In a neighborhood as deeply rooted in tradition as North Beach, it should come as no surprise that local bonafides are incredibly important. To have been born in the Bay is one thing, in the city another. And to say you were born in North Beach, well, that’s something else entirely.

So that makes it all the more remarkable that there’s only one restaurant in North Beach that’s owned and run by a family that was born and raised in the neighborhood. But as far as I know, Sotto Mare is the only place in ‘the Beach’ to fit that bill–and Rich and Laura Azzolino and their daughter Ria are that family. And as anyone who knows Rich will tell you, that kind of history comes with lots of good stories.

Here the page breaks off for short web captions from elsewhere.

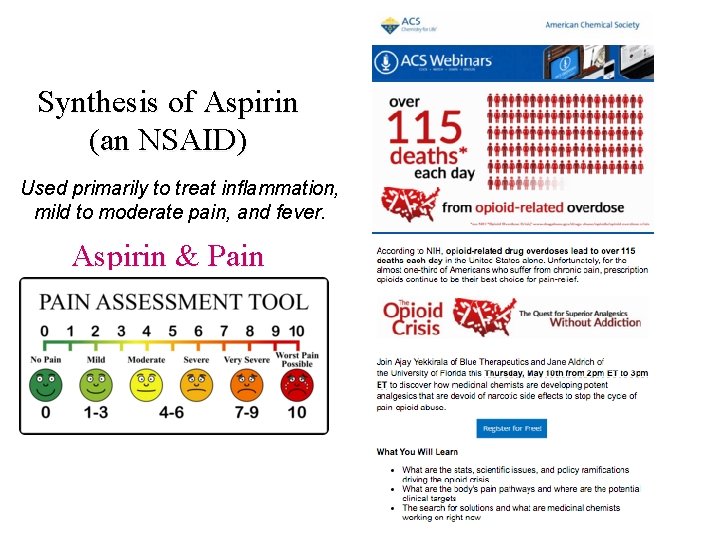 Synthesis of Aspirin (an NSAID) Used primarily to treat inflammation, mild to moderate pain,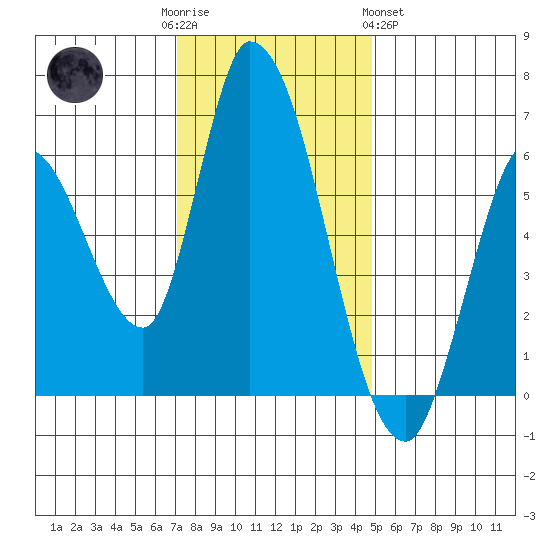Bay Slough (East) tide chart for Friday, December 3, 2021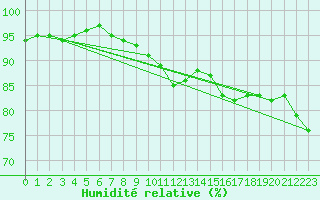 Courbe de l'humidit relative pour De Bilt (PB)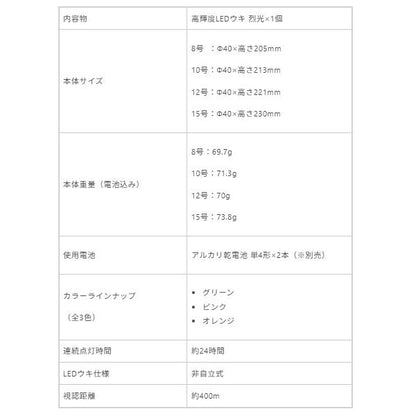 烈光遠投ウキグリーン ルミカ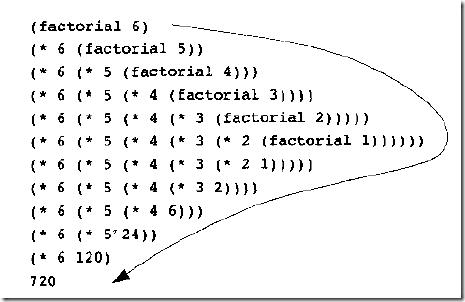 java学习mqtt,java学习完整体系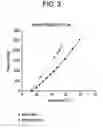 Fig. 03 - High pressure free-radical polymerizations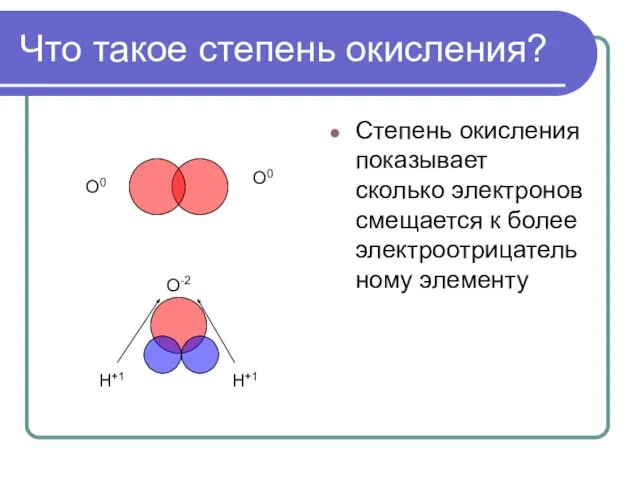 Что такое степень окисления? Степень окисления показывает сколько электронов смещается к более электроотрицательному элементу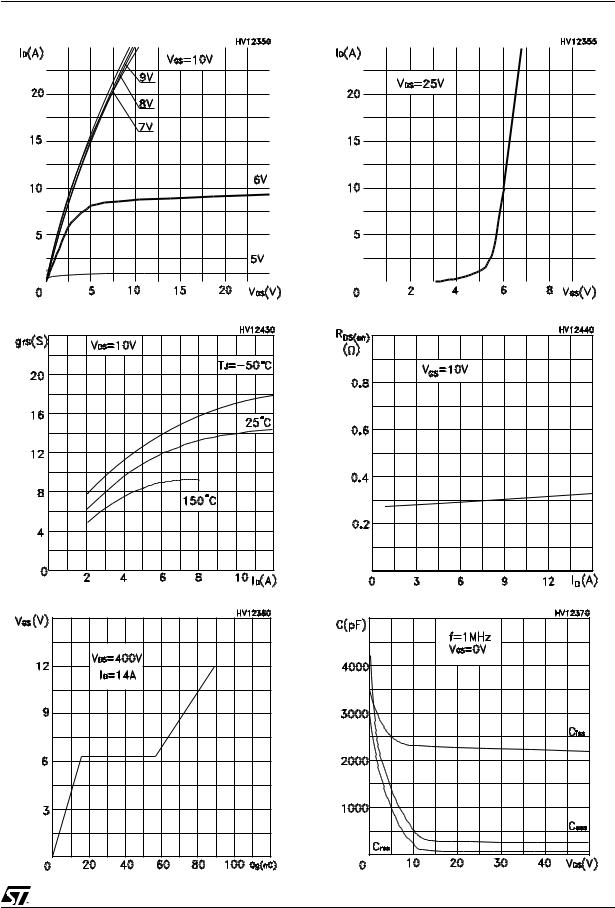 ST STP15NK50Z, STP15NK50ZFP, STB15NK50Z, STB15NK50Z-1, STW15NK50Z User Manual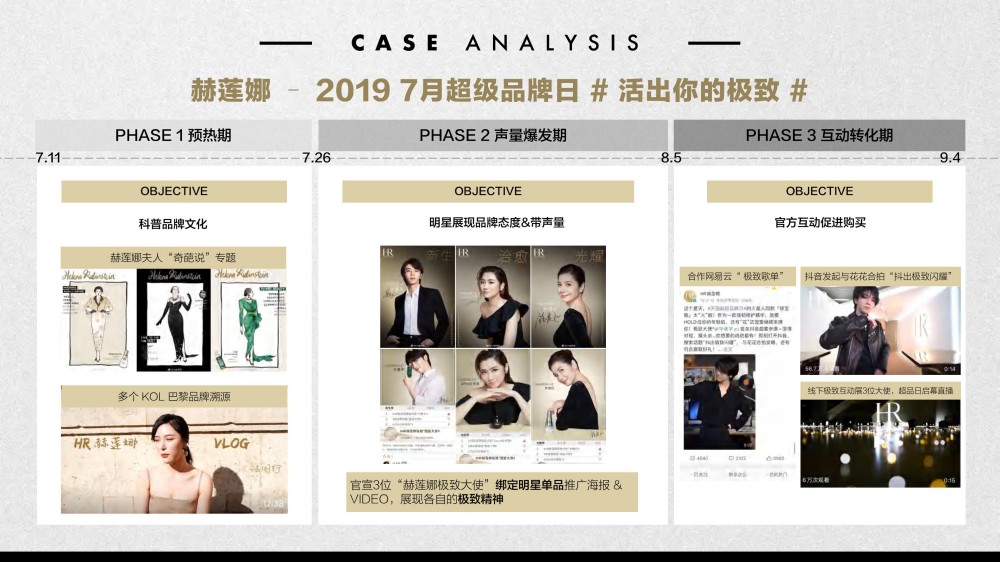 2025修丽可双11品牌活动整合营销报告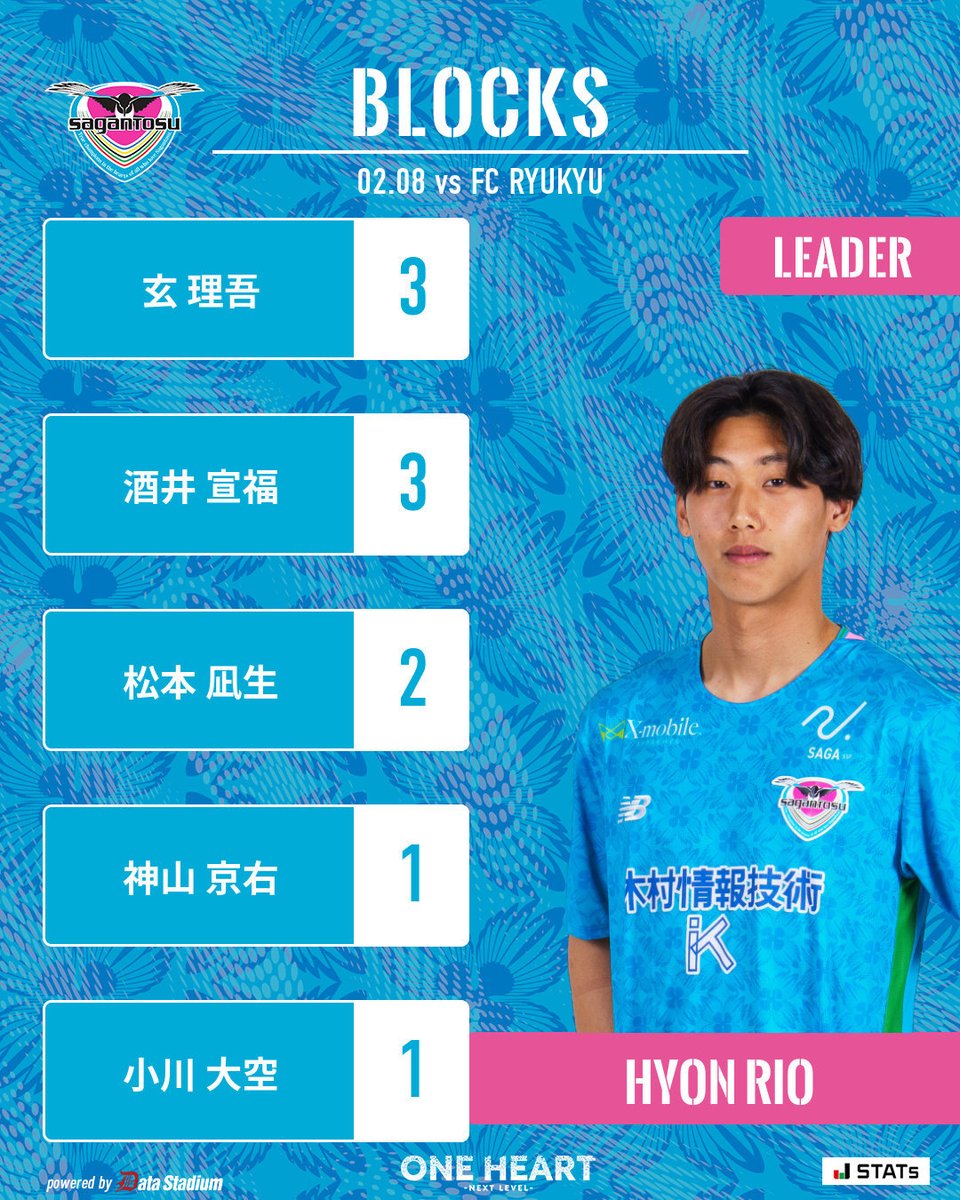 👑本日のスタッツリーダー チャンスクリエイト: 松本 凪生 ブロック数 👑本日のスタッツリーダー チャンスクリエイト: 松本 凪生 ブロック数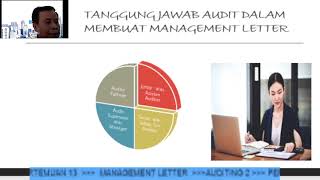 Auditing 2   Part 13 - Management Letter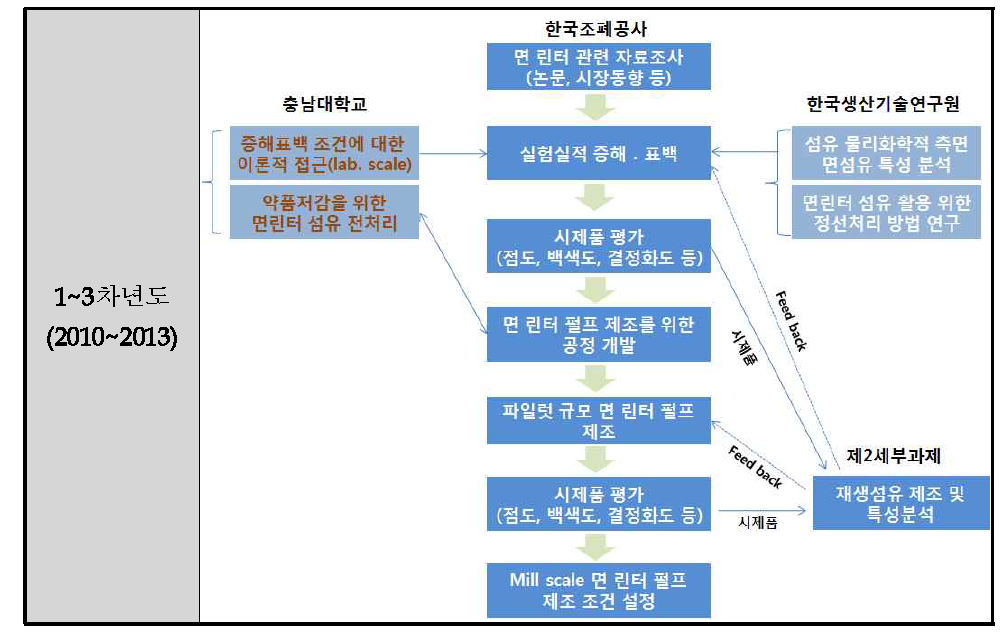 연차별 주요내용 및 추진 체계 (1~3차년도)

On a recent wind-blown afternoon, Rich and I took a little stroll around North Beach. We talked about the neighborhood as it is, and was–and Rich told me a few things about the place I didn’t know.

Naturally, our path began at Sotto Mare. After eleven years, the seafood house has become a North Beach staple. With its straightforward style and Italian-inflected menu, it’s one of the things that epitomizes the old school ethos of the neighborhood.

Rich started out by telling me what used to be right across the street: North Beach’s biggest grocery store, Buon Gusto Market. “From Cioccolato on Columbus all the way over to Belle Cora,” Rich explains, “it took up that whole end of the block. I’d walk by here every day.”

 

Belle Cora, formerly home of Buon Gusto Market, and later Dianda’s Bakery. | Photo: Joe Bonadio

Approaching the corner of Columbus and Green, Rich points across the street, where the former Panta Rei space is being renovated. “That was the first location of U.S. Restaurant, with all the cousins, and the ladies who ran it,” Rich smiles at the memory. “That was a great place.”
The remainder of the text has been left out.